Friday January 27, 2006
HANG ONTO YOURSELF. I watched Boston Legal this week. Most weeks I catch at least a little of it. It's a horrible, horrible show, the apotheosis of David E. Kelley's lurid vision of professional life as an endless series of jacked-up and frequently absurd job crises, the tension of which is inevitably relieved by sexual intrigue (also in an endless series, and jacked-up, and frequently absurd). Most of the players are attractive young people who can barely get their chiseled jaws around the preposterous dialogue.
But Boston Legal stars James Spader and William Shatner, and they make a fascinating spectacle in this shabby little arena. From the beginning, they have seemed to inhabit a different universe from all the other characters. They float through their scenes like 19th-century royals after a good lunch at Maxim's, self-satisfied and serene.

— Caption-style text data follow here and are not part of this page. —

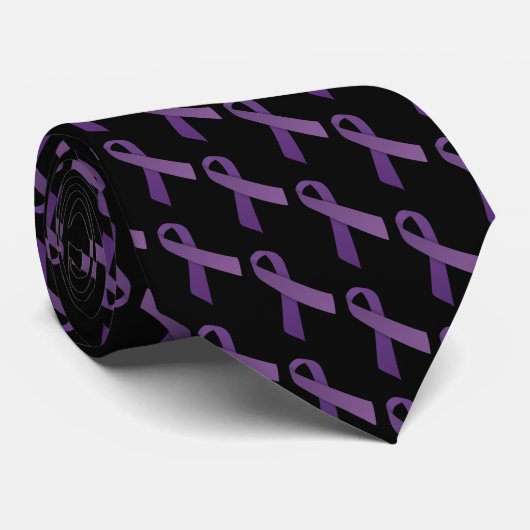 Cravate Motif en carreaux de rubans violets (Roulé)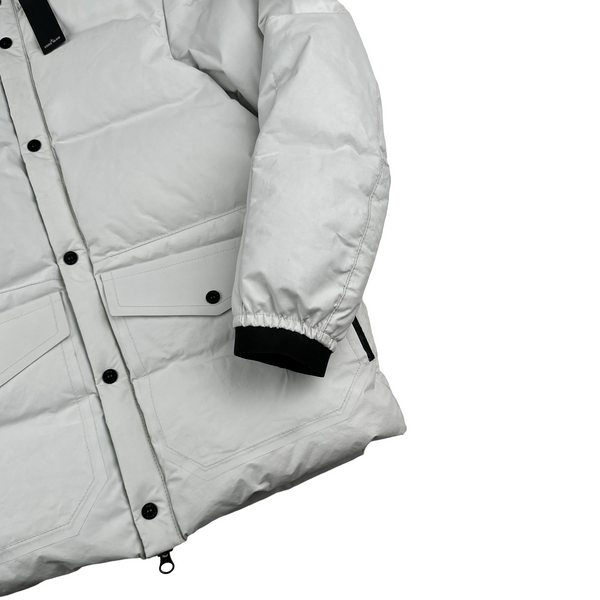 Stone Island 2016 White Featherweight Down Leather Puffer Jacket - Medium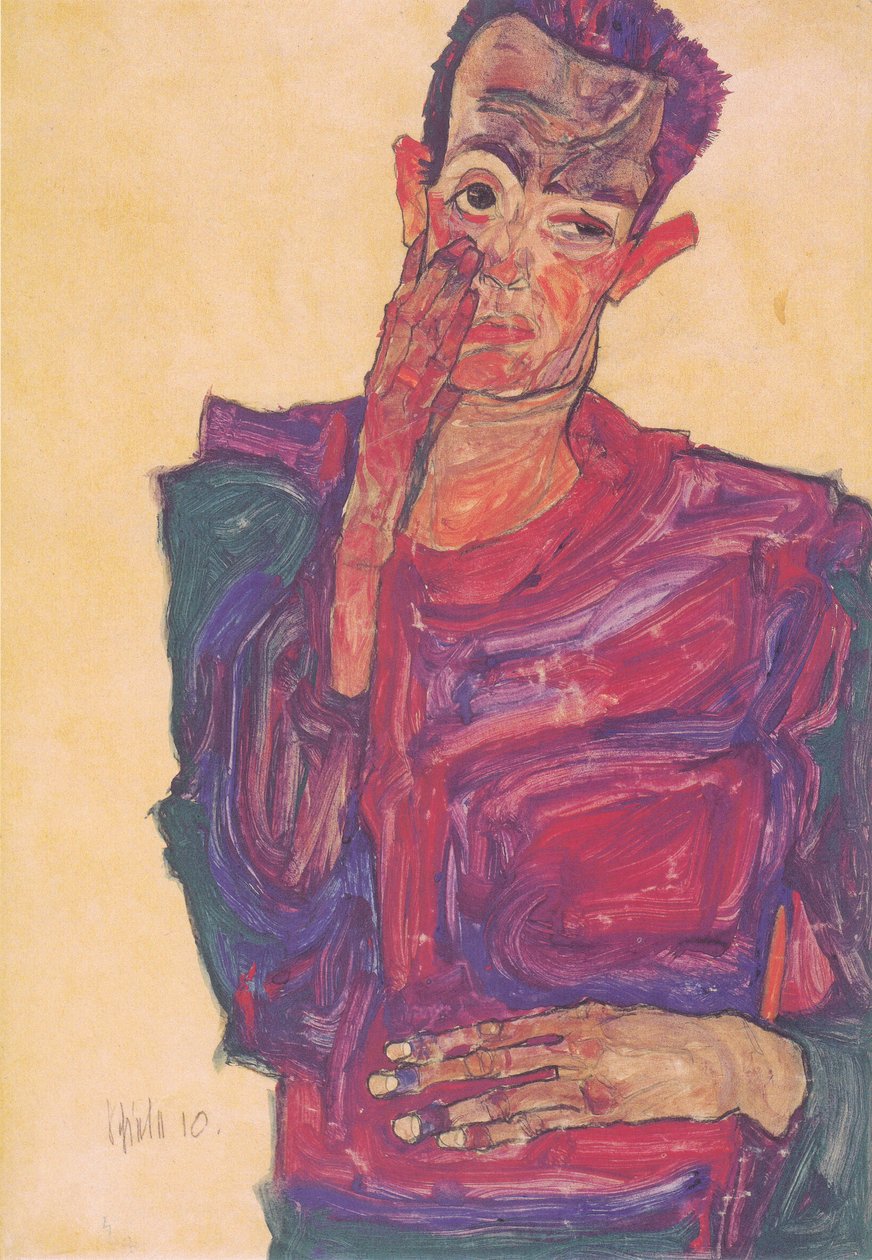 Önarckép lehúzott szemhéjjal alkotó: Egon Schiele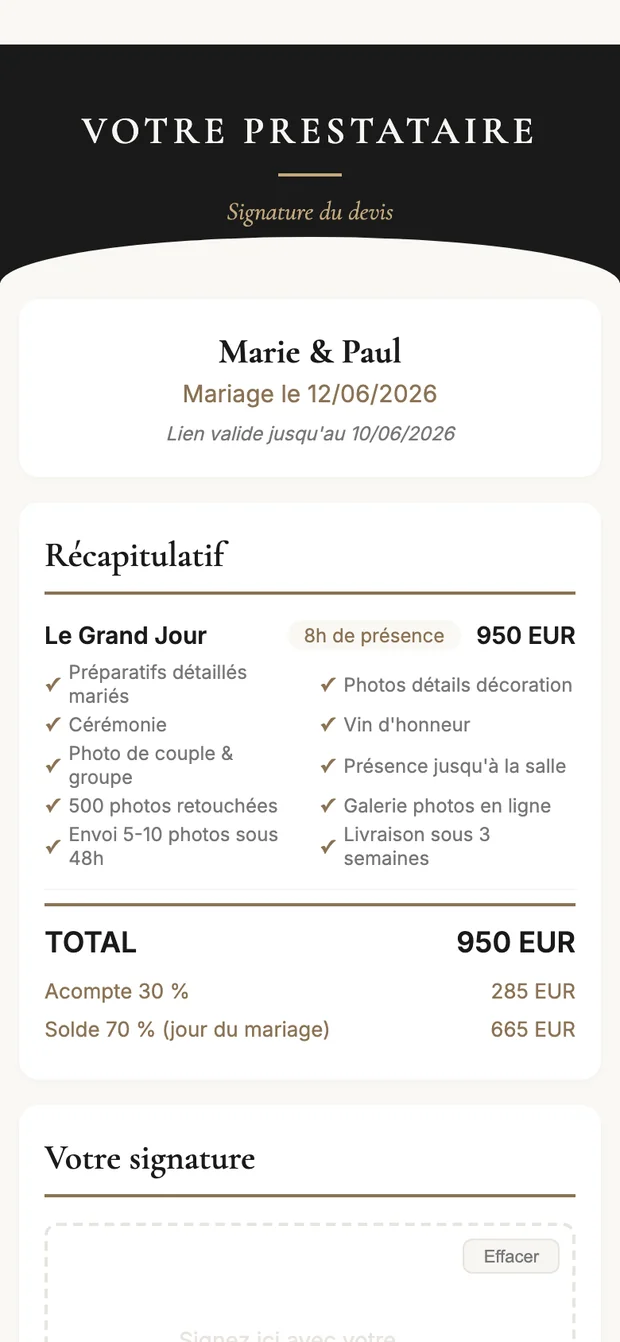 La signature en ligne du devis Phollio sur téléphone : récapitulatif, total, acompte, zone de signature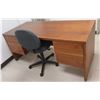 Image 1 : Hiebert Wooden Desk w/ 5 Drawers 66"x30"x29"H & Rolling Office Chair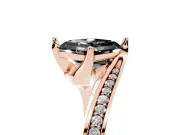 Fancy Black Asscher Cut Diamond Solitaire Ring Set in Rose gold with Intertwined Pavé Twist Band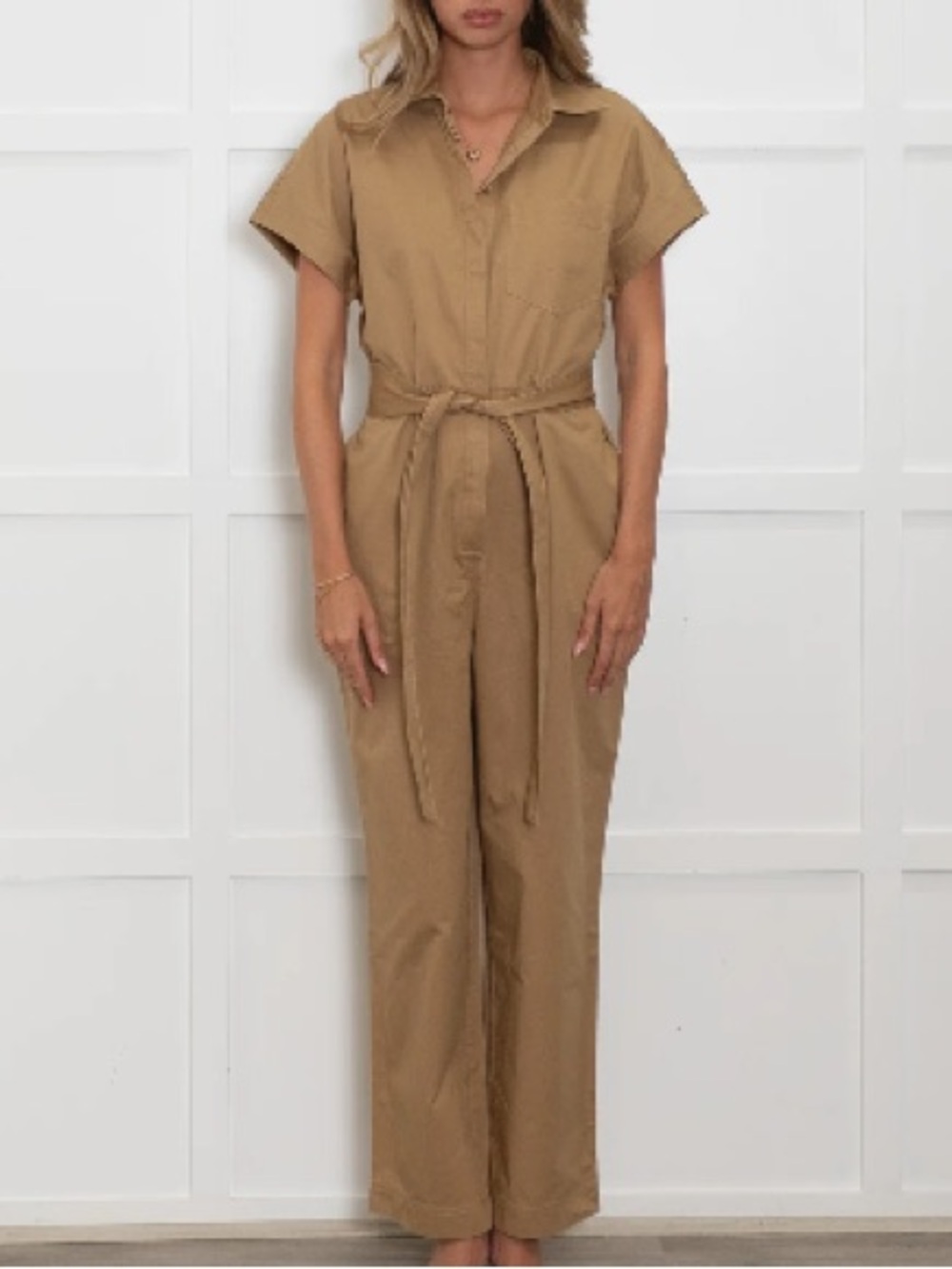 Casual Tan Tie-Waist Utility Jumpsuit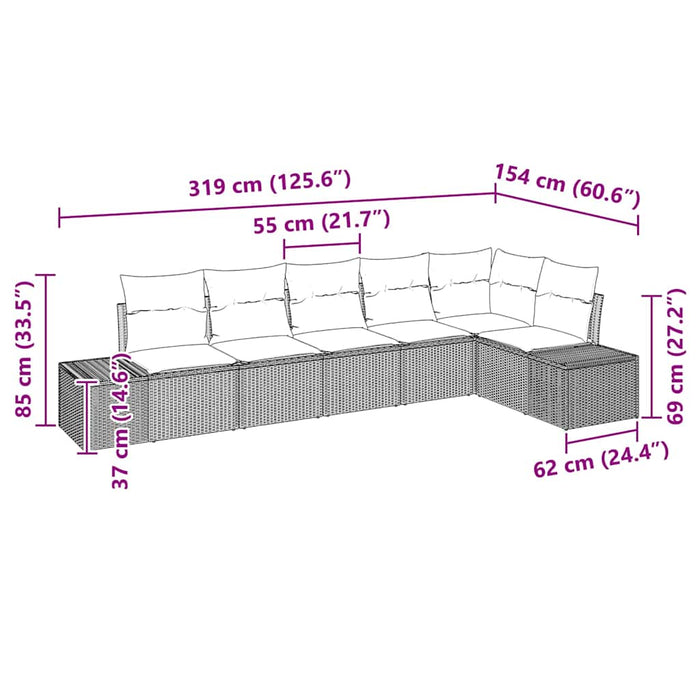 Set de canapele pentru grădină 6 pcs negru și crem Rattan poli - WALTI WALTI
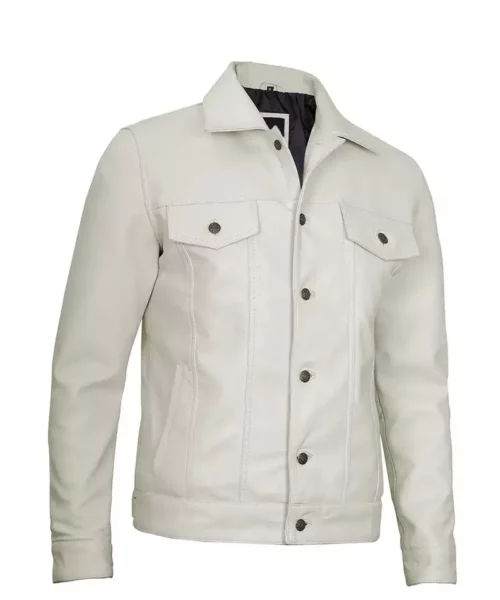 Men's Off White Leather Trucker Jacket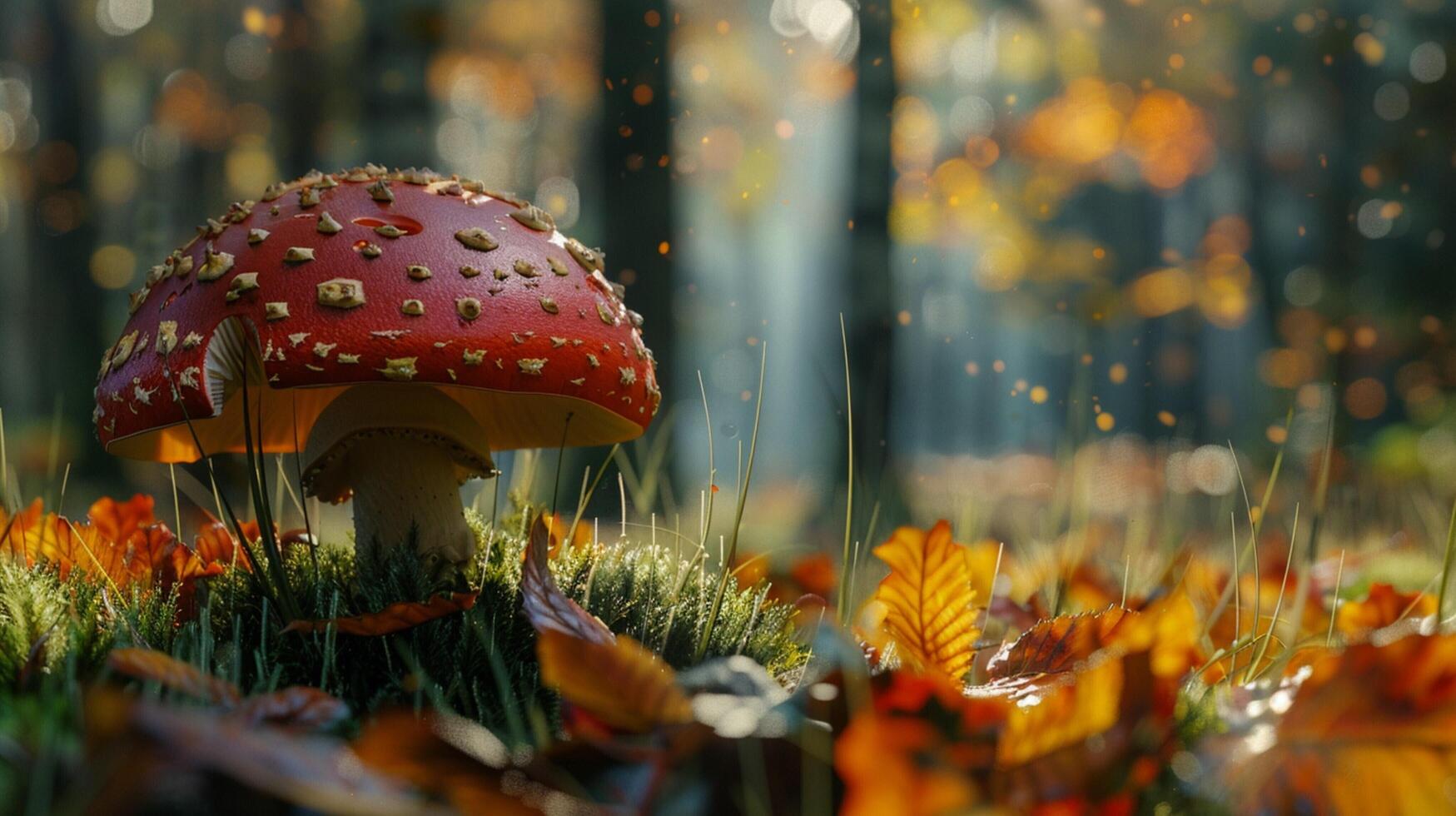 autumn forest close up of edible mushroom on grass photo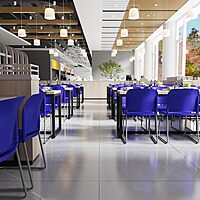 Flash Furniture Hercules Series 880 lb. Capacity Blue Full Back Contoured Stack Chair with Gray Powder Coated Sled Base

They are dimly aware of the other characters' needs and desires, and sometimes are inclined to indulge them for reasons of appetite similar to those that animate the other characters -- professional honor or glory, morality, and sex. But where the other performers sweat this stuff, granting it as much importance as I believe the audience is meant to, Spader and Shatner feel the pangs of motivation as one might feel an urge to scratch or stretch, and react to them with refreshing naturalness and self-possession.
This makes them stand out, and reveals a mystery of the performer's art. Acting is a cooperative venture; even monologuists must engage the camera or the audience, while most players also have to evidence relationships with other players. So the actor has to concentrate on people as well as lines, blocking, and the director's orchestration. Maintaining this divided consciousness is a key part of the job, and when an actor says "I really felt it tonight," he is (usually without noticing) celebrating the fact that he felt it while doing everything else he had to do. (Interestingly, Pauline Kael relates that Orson Welles had just this sort of epiphany, which seems to have been rare for him, during the solo in Citizen Kane in which he wordlessly smashes up a room.)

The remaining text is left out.